Howard Isaac Williams, San Francisco, California

Dear Editor: I greatly enjoyed Theresa Helke’s exploration of logical paradoxes and self-reference through the lyrics of a pop star. I teach Philosophy to secondary school students [11-16 year-olds] and am always looking for ways to make the material more engaging and accessible to them. Unfortunately, this is not always easy, not helped by the structure of our [British] education system. What my students want more than anything is to get good grades. I cannot offer them a GCSE certificate in Philosophy or in Logic, because none exists! I wrote to the Department for Education about this and pointed out how other countries can access philosophy at an earlier age than the UK. I even offered to help create a qualification. Unfortunately, they were not inclined to help. I hope that as philosophy becomes more accessible through magazines such as this, it will be recognised as a valid academic subject for children under the age of sixteen.

Rob Haves, Kent

What Is Philosophy For?

Dear Editor: I want to thank you for John Shand’s critique of Mary Midgley’s book What is Philosophy For? in Issue 144. Although I think his criticism on the use of ‘for’ was taking the title too literally, this did emphasise the difficulty of finding anything negative to say about it.
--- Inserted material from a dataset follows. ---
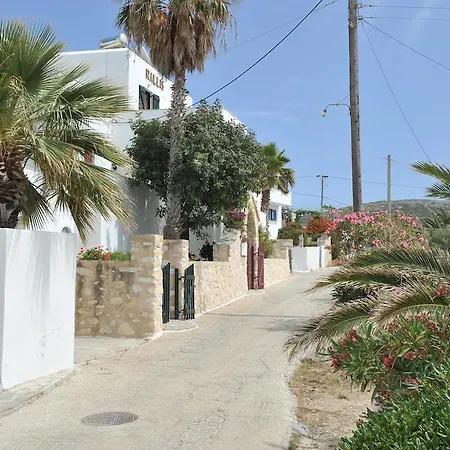 Aparthotel Rallis
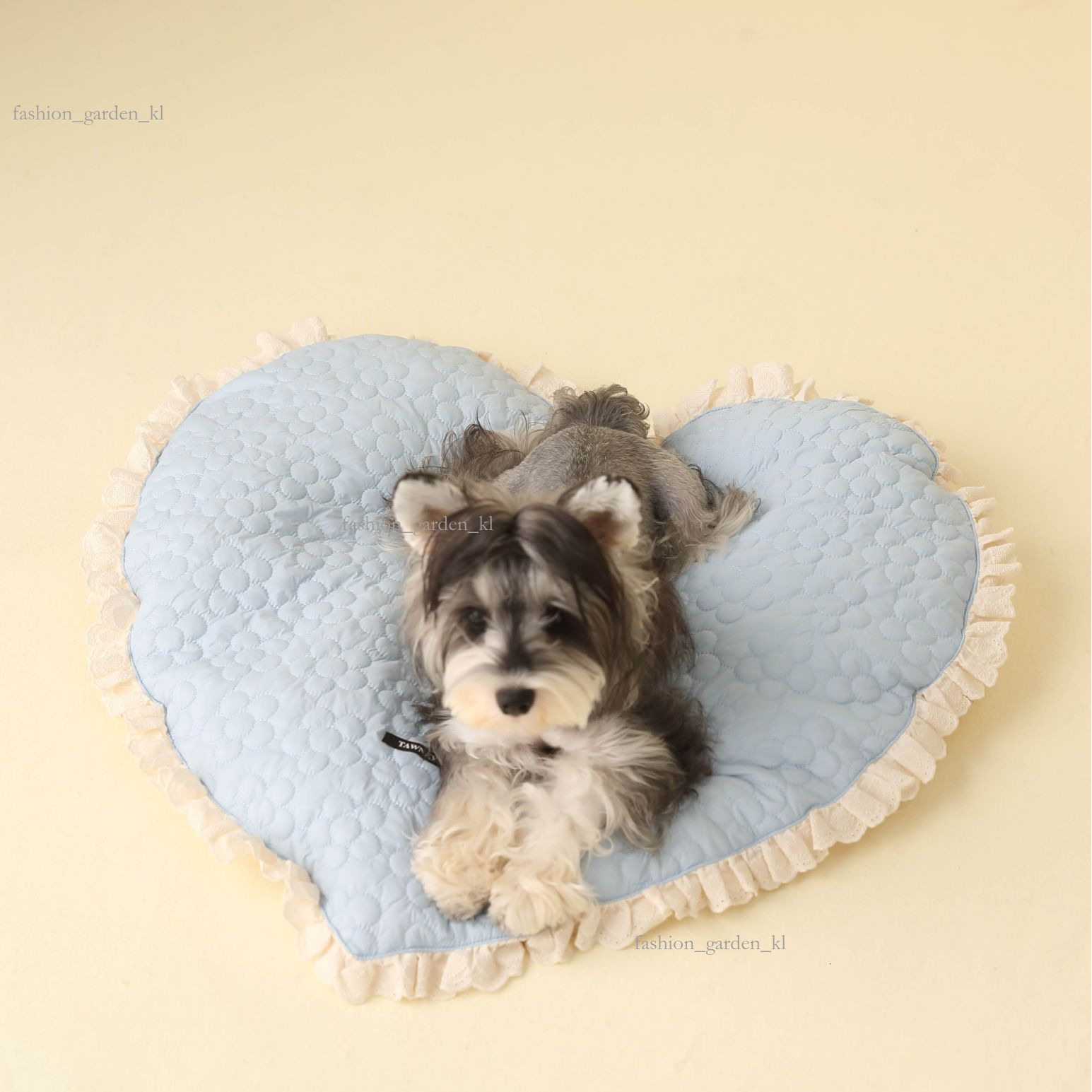 Autumn And Winter Love Type Dog Mat, Dog Bed Four Season Universal Warmth, Cat Nest, Pet Bed, Schnauzer, Teddy Bear 863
I bought the book immediately.

Midgley talks about philosophy as a connector between different disciplines. As a management consultant in all areas of industry and the public sector, my greatest successes were breaking through the silos of departments and hierarchy. In many of the organisations I worked with, mutual benefits were demonstrated when these barriers were torn down. However, the human need for control and power was too great to withstand the replacement of those silos after my departure, despite the losses in efficiency that resulted. Barrier-breaking works: it is the implementation that is difficult.

Richard Tod, Northants

More Misquoting & Misdirection

Dear Editor: I always enjoy Seán Moran’s articles. In his piece about Brussels in Issue 144, he mentioned quoting Psalm 14 as an example of a Straw Man. Might this also be an example of Aristotle’s enthymeme, meaning, a bad rhetorical argument? In Psalm 14 are the words ‘there is no God’. Taken out of context this could be misleading: it has a very different meaning when it’s acknowledged that it’s preceded by the words “The fool says in his heart…” In his Rhetoric, Aristotle noted the use of the ‘out of context’ dodge by lawyers and politicians in his time. But it’s still alive and kicking, with ever wider use in advertising, news media, social media, and international intelligence jousting. I have even noted it in refereed scientific papers – perhaps as part of academic competition over truth, or precedence. Should we be more wary of missing, or faulty, premises?